Ashburnham Voters OK Budget, Speed-limit Law
ASHBURNHAM -- Town Meeting voters on Tuesday approved a $17.3 million operating budget and an amendment to the town’s sign bylaw, while giving the green light to a new speed limit law.
The operating budget for the fiscal 2020 was unanimously approved by the 82 residents at the meeting. It represents a 2.04 percent increase over the previous year’s budget, according to Town Administrator Heather Budrewicz.
Meredith Fagan and other residents expressed concern about budget cuts in several departments, including Park and Recreation, Veterans Services and the Historical Commission.

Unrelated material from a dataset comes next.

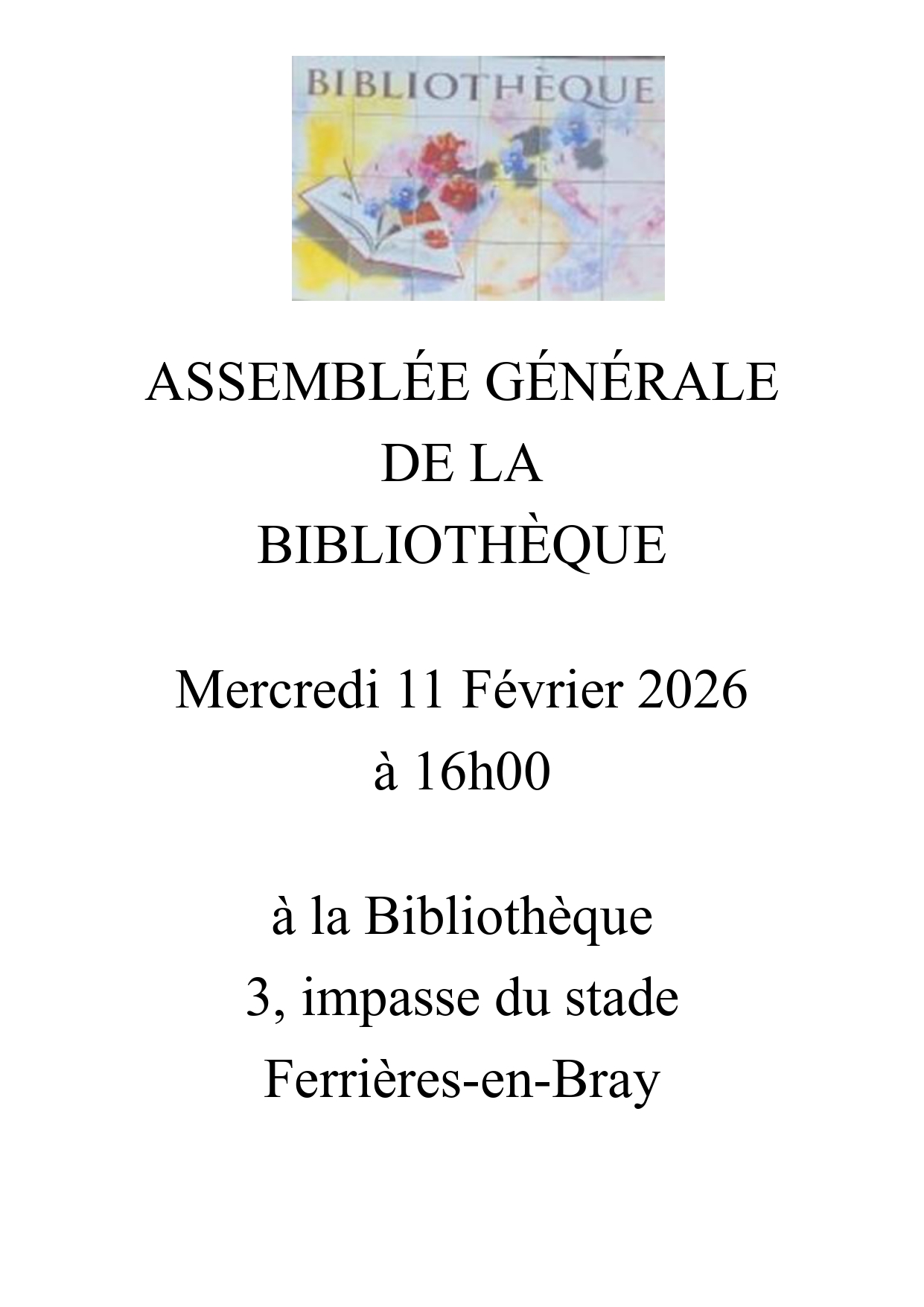 Affiche AG Bibliothèque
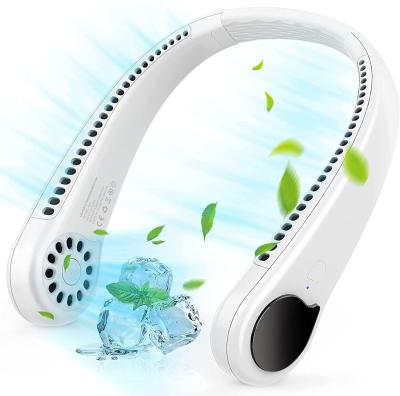 China New Air Power Neck Band AIWO 2021 Portable Handheld Fan Mini Rechargeable Hanging Bladeless Neck Device Free Portable Cooling Outdoor Fan noise reduction/360 degrees for sale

“I think this year everyone is trying to be more on the conservative side of things,” said Budrewicz. “We’re trying to keep our expenses under wraps as much as we can.”
Budrewicz said that the Agricultural Commission is expanding and a new committee was recently formed, so the idea was to try to “spread the wealth.”
Residents also approved a bylaw that updates and “modernizes” the current sign bylaw by adding a section defining the signs allowed in town.
According to town officials, the change will encourage the use of signs as a means of communication, maintain the character of the town, and minimize the possible adverse effects of signs on nearby public or private property.
Joseph Duclos said the bylaw would give the town too much power over signs on private property. “This strikes me as little overreaching. Why do we need this?”
Town officials said the main goal of the bylaw was to update sign regulations. The major component of the process was to identify specific signs and eliminate any ambiguity in the bylaw.
For example, there would be a restriction on temporary signs in terms of length of time they are allowed to be up. According to the Planning Board, “sandwich board” signs are not currently allowed under the bylaw even though they are all around town. The update would permit those signs.
Fagan said she was worried that the new regulations would not be enforced. Walt Meissner of the Planning Board agreed, adding there is an expectation of enforcement by the town.
Building Inspector Richard Travers said enforcement depends on how strict the town wants to be, which it would figure out “as it went along.”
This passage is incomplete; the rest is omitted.